→ Data excerpt
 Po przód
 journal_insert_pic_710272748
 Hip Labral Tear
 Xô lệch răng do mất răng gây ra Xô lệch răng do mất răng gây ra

→ How to complete this task
The listing above is to be transcribed exactly. Include every line.

→ Answer area
 Po przód
 journal_insert_pic_710272748
 Hip Labral Tear
 Xô lệch răng do mất răng gây ra Xô lệch răng do mất răng gây ra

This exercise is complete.